## Model overview

The `bge-large-zh` model is a state-of-the-art text embedding model developed by the Beijing Academy of Artificial Intelligence (BAAI). It is part of the BAAI General Embedding (BGE) family of models, which have achieved top performance on both the MTEB and C-MTEB benchmarks. The `bge-large-zh` model is specifically designed for Chinese text processing, and it can map any Chinese text into a low-dimensional dense vector that can be used for tasks like retrieval, classification, clustering, or semantic search.

Compared to similar models like [BAAI/bge-large-en](https://aimodels.fyi/models/huggingFace/bge-large-en-baai) and [BAAI/bge-small-en](https://aimodels.fyi/models/huggingFace/bge-small-en-baai), the `bge-large-zh` model has been optimized for Chinese text and has demonstrated state-of-the-art performance on Chinese benchmarks.
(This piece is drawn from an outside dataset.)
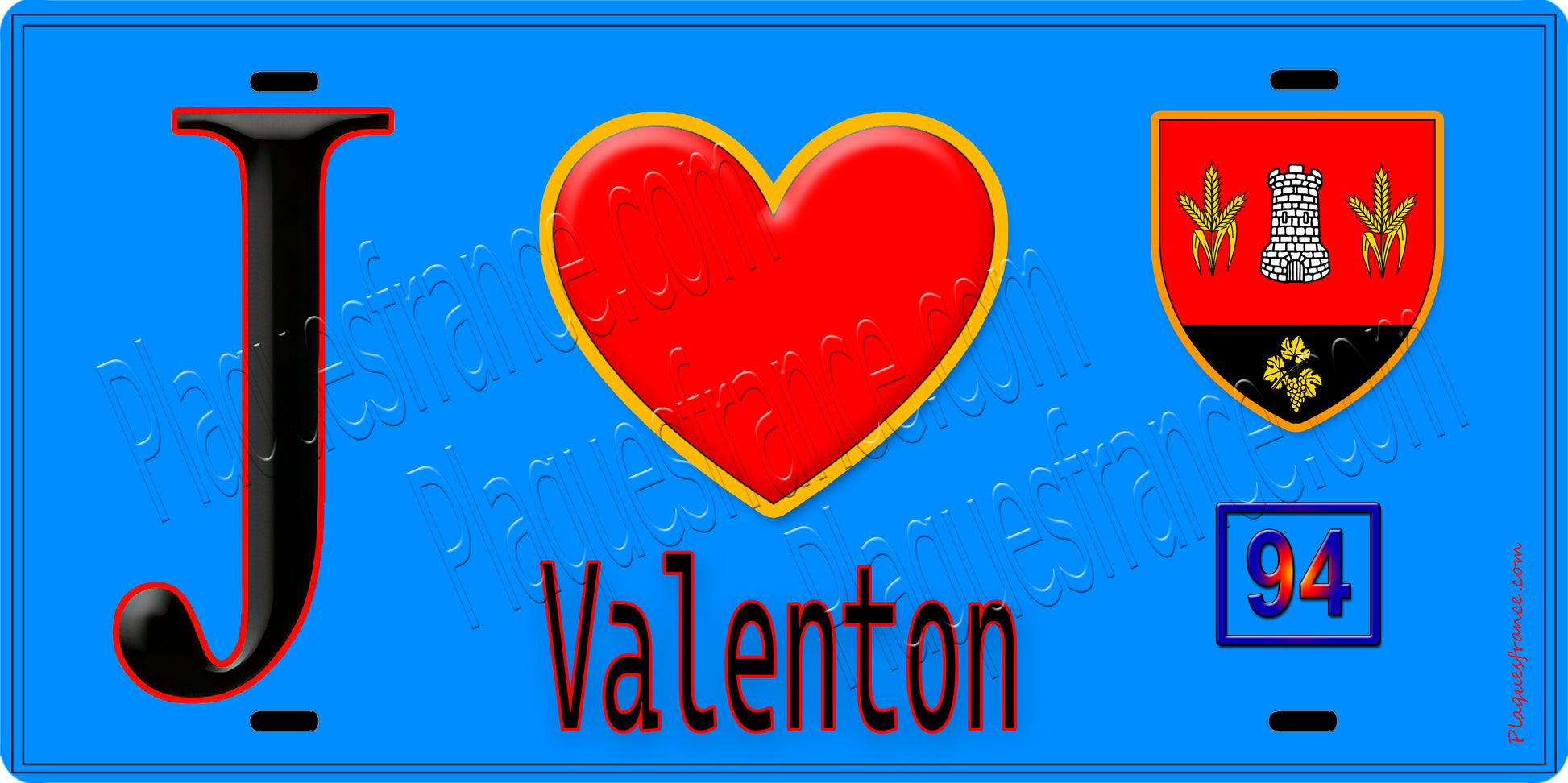 Plaque métal décorative  J' ❤️Valenton, Val de Marne (94) fond bleu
The [BAAI/llm-embedder](https://aimodels.fyi/models/huggingFace/llm-embedder-baai) model is a more recent addition to the BAAI family, serving as a unified embedding model to support diverse retrieval augmentation needs for large language models (LLMs).

## Model inputs and outputs

### Inputs
- **Text**: The `bge-large-zh` model can take any Chinese text as input, ranging from short queries to long passages.
- **Instruction (optional)**: For retrieval tasks that use short queries to find long related documents, it is recommended to add an instruction to the query to help the model better understand the intent. The instruction should be placed at the beginning of the query text. No instruction is needed for the passage/document text.

### Outputs
- **Embeddings**: The primary output of the `bge-large-zh` model is a dense vector embedding of the input text. These embeddings can be used for a variety of downstream tasks, such as:
  - Retrieval: The embeddings can be used to find related passages or documents by computing the similarity between the query embedding and the passage/document embeddings.
  - Classification: The embeddings can be used as features for training classification models.
  - Clustering: The embeddings can be used to group similar text together.
  - Semantic search: The embeddings can be used to find semantically related text.

## Capabilities

The `bge-large-zh` model demonstrates state-of-the-art performance on a range of Chinese text processing tasks. On the Chinese Massive Text Embedding Benchmark (C-MTEB), the `bge-large-zh-v1.5` model ranked first overall, showing strong results across tasks like retrieval, semantic similarity, and classification.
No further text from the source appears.